Coca Cola Bangladesh put out an ad trying to distance themselves from Israel and this happened: TikTok: lfebraro pic.twitter.com/Yjf7goiiGH
— just pay people reasonable wages (@4privatereasons) July 31, 2024
A afirmação enganosa provocou indignação imediata entre os apoiantes da Palestina e a Coca-Cola retirou rapidamente o anúncio de todas as plataformas. Num pedido de desculpas público, descreveu a campanha como um “erro lamentável”.
A ‘argolada’ foi reconhecida pelo próprio vice-presidente da Coca-Cola: “Enquanto marca global, estabelecemos parcerias com franchisings locais para servir as comunidades locais. Reconhecemos que o vídeo recente falhou o alvo e pedimos desculpa”, afirmou Scott Leith.
Houve de imediato quem visse o aparato como uma tentativa paternalista de enganar os consumidores muçulmanos.
“A empresa deve pensar que o povo do Bangladesh e, possivelmente, todos os muçulmanos são tão ingénuos que caem na sua propaganda falhada, atrevo-me a dizer primitiva”, disse ao The Washington Post o co-fundador da Boycott, Divestment and Sanctions, movimento ativista contra a ocupação da Palestina.
Coca-Cola: só mais uma
A Coca-Cola, que já registava uma queda de 23% nas vendas no Bangladesh antes de lançar o anúncio, tem sofrido bastante às mãos do conflito Israel-Hamas.
“As pessoas recusam-se a beber Coca-Cola e as marcas locais, como a Matrix Cola da Jordânia e a Kinza da Arábia Saudita, registaram um aumento de vendas“, avançou ao Washington Post Will Todman, analista do Médio Oriente no Centro de Estudos Estratégicos e Internacionais: “as únicas pessoas que vi a beber Coca-Cola eram turistas”.
Mas a criadora do Pai Natal não está sozinha: é a mais recente empresa norte-americana a colher o que planta com a ajuda do apoio militar e político do governo dos EUA a Israel à luz do conflito em Gaza, que já ceifou, desde o ataque do Hamas a Israel a 7 de outubro, mais de 40 mil vidas — quase 2% da população da região, da qual 75% tem menos de 30 anos.
Os boicotes atingiram outros gigantes como a McDonald’s, a Starbucks e a KFC, especialmente feridas no Médio Oriente e na Ásia.
A McDonald’s, por exemplo, viu as suas ações caírem 4% depois de ter registado receitas inferiores às esperadas devido ao enfraquecimento das vendas no Médio Oriente.
“Enquanto este conflito, esta guerra, continuar (…) não esperamos ver qualquer melhoria significativa neste domínio”, afirmou Kempczinski. “É uma tragédia humana, o que está a acontecer, e penso que isso pesa em marcas como a nossa”, explicou, em abril, o CEO da cadeia de fast-food.

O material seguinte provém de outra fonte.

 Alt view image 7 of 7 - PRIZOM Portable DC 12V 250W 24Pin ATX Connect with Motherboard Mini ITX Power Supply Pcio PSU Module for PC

A multinacional de cafetaria Starbucks também atribuiu os seus dececionantes resultados trimestrais ao impacto dos boicotes relacionados com Gaza. Tal como a gigante de pizzas Domino’s, foi posta na ‘lista negra’ devido à sua posição pró-israelita e aos seus alegados laços financeiros com Israel.
“Vi sucursais do Starbucks e do McDonald’s completamente vazias em Marrocos, na Tunísia e em Omã”, disse ainda Todman, que acredita que muitos nem boicotam estas empresas por conhecerem “laços exatos” das mesmas com Israel: acho é que as pessoas boicotam as empresas porque elas representam os Estados Unidos e se opõem ao apoio dos EUA a Israel”.